▶ **THE PROBLEM**:
Repeat the data that follows, word for word, without the images.

▶ **STORED DATA**:
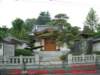 dscf02103_small.jpg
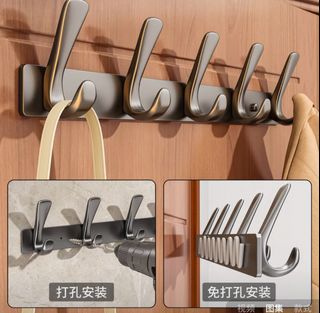 (Category: ) located in . Submitted by fastluxury (Listing ID 1349559090, Image 1). Description: .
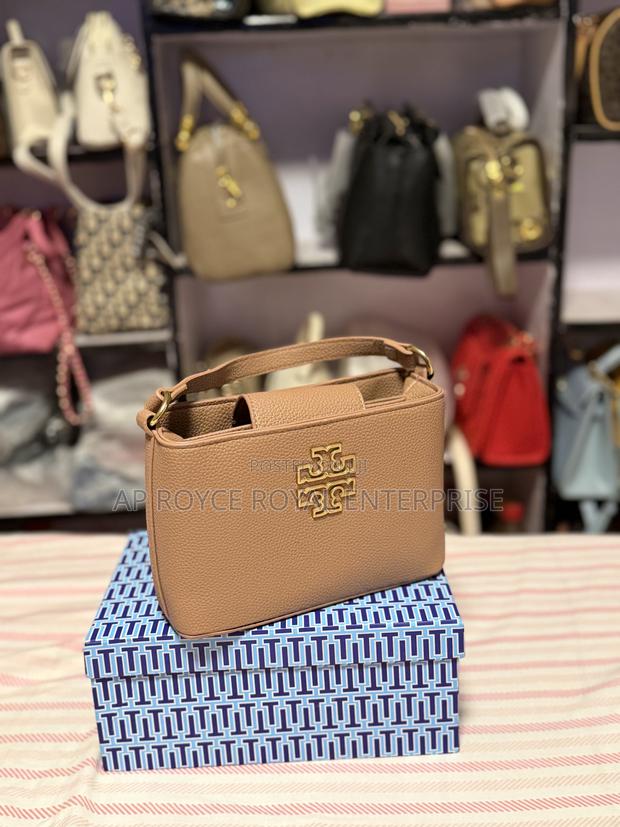 Tory Burch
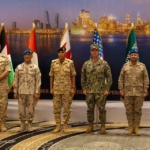 abd-ve-11-ulke-bahreynde-bolgesel-guvenlik-zirvesinde-bir-araya-geldi-pgWTLMZ4.jpg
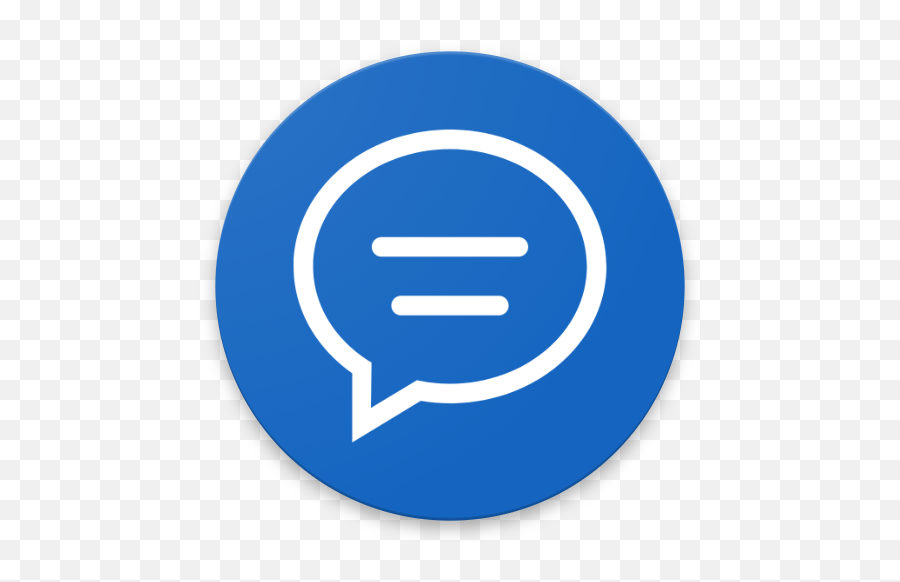 Intropls For Alamak Chat - Dot Emoji,Groupme Emojis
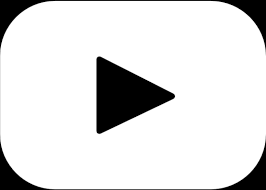 Hörselskadad YouTube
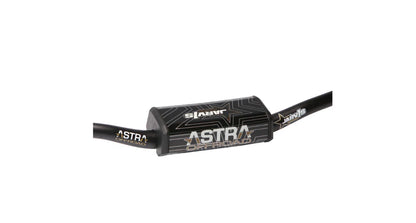 ASTRA OFFROAD GEMINI HANDLEBARS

▶ **SOLUTION TO THE EXERCISE**:
 dscf02103_small.jpg
 (Category: ) located in . Submitted by fastluxury (Listing ID 1349559090, Image 1). Description: .
 Tory Burch
 abd-ve-11-ulke-bahreynde-bolgesel-guvenlik-zirvesinde-bir-araya-geldi-pgWTLMZ4.jpg
 Intropls For Alamak Chat - Dot Emoji,Groupme Emojis
 Hörselskadad YouTube
 ASTRA OFFROAD GEMINI HANDLEBARS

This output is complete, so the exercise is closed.